For the listing below, output exactly the lines from the line with "Ako sa starať o pleť po tridsiatke?" up to and including the line with "3d render of teeth", and no other lines.

____

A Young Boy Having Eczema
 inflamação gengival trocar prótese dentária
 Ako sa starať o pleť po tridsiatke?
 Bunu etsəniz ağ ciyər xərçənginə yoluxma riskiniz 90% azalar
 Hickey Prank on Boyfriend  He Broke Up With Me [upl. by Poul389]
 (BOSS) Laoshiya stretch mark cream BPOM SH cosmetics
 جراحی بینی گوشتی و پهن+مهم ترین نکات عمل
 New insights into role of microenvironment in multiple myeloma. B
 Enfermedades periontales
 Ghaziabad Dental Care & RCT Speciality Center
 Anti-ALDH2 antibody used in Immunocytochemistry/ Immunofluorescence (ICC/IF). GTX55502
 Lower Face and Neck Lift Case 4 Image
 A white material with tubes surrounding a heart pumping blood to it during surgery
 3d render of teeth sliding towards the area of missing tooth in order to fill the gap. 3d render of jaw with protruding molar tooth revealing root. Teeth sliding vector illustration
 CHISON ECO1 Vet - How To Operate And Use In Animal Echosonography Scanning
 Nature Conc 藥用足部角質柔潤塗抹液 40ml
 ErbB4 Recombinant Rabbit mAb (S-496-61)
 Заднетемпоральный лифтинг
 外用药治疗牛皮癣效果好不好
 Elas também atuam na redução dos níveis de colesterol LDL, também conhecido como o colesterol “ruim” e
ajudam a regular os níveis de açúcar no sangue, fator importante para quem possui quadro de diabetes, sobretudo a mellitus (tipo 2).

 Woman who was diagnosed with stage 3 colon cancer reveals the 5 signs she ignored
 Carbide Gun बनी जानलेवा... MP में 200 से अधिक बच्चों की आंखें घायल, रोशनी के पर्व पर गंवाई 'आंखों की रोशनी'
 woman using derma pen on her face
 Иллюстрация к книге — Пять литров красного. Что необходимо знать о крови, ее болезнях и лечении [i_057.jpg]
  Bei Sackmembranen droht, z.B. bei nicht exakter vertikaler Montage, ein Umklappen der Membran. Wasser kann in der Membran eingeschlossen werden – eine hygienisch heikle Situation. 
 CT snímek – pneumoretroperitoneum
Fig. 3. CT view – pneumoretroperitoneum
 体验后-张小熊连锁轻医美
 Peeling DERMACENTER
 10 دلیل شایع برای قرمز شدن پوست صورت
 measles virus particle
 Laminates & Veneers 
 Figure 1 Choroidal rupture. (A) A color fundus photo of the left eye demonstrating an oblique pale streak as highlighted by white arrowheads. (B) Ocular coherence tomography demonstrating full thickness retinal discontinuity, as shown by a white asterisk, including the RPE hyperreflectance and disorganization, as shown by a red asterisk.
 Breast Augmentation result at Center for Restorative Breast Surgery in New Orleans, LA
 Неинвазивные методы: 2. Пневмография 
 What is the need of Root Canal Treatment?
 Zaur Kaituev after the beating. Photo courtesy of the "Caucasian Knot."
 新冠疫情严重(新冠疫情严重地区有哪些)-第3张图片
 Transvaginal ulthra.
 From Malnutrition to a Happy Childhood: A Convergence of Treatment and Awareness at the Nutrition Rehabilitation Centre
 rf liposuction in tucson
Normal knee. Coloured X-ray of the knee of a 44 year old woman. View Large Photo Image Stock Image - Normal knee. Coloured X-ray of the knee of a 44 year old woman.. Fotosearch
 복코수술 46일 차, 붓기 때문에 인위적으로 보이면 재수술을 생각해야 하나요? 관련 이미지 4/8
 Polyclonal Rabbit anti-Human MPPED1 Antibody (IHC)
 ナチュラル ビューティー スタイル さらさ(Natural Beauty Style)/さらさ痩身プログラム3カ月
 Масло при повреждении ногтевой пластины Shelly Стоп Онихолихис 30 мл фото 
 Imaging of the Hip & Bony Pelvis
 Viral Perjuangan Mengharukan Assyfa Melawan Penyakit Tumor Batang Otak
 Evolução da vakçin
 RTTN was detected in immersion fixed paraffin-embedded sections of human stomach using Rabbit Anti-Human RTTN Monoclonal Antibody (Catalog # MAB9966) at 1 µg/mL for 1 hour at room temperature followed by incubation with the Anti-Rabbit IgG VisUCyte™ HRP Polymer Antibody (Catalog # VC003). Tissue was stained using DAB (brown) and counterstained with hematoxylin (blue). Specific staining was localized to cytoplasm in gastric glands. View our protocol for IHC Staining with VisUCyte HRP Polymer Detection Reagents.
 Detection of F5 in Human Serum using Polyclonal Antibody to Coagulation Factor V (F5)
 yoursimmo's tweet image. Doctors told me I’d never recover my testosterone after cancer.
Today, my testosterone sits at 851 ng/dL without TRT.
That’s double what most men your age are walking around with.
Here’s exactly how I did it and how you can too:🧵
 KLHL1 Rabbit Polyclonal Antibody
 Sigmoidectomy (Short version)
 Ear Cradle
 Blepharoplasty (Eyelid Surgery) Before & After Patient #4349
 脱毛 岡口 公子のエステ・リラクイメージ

____

*Exercise answer*:
 Ako sa starať o pleť po tridsiatke?
 Bunu etsəniz ağ ciyər xərçənginə yoluxma riskiniz 90% azalar
 Hickey Prank on Boyfriend  He Broke Up With Me [upl. by Poul389]
 (BOSS) Laoshiya stretch mark cream BPOM SH cosmetics
 جراحی بینی گوشتی و پهن+مهم ترین نکات عمل
 New insights into role of microenvironment in multiple myeloma. B
 Enfermedades periontales
 Ghaziabad Dental Care & RCT Speciality Center
 Anti-ALDH2 antibody used in Immunocytochemistry/ Immunofluorescence (ICC/IF). GTX55502
 Lower Face and Neck Lift Case 4 Image
 A white material with tubes surrounding a heart pumping blood to it during surgery
 3d render of teeth sliding towards the area of missing tooth in order to fill the gap. 3d render of jaw with protruding molar tooth revealing root. Teeth sliding vector illustration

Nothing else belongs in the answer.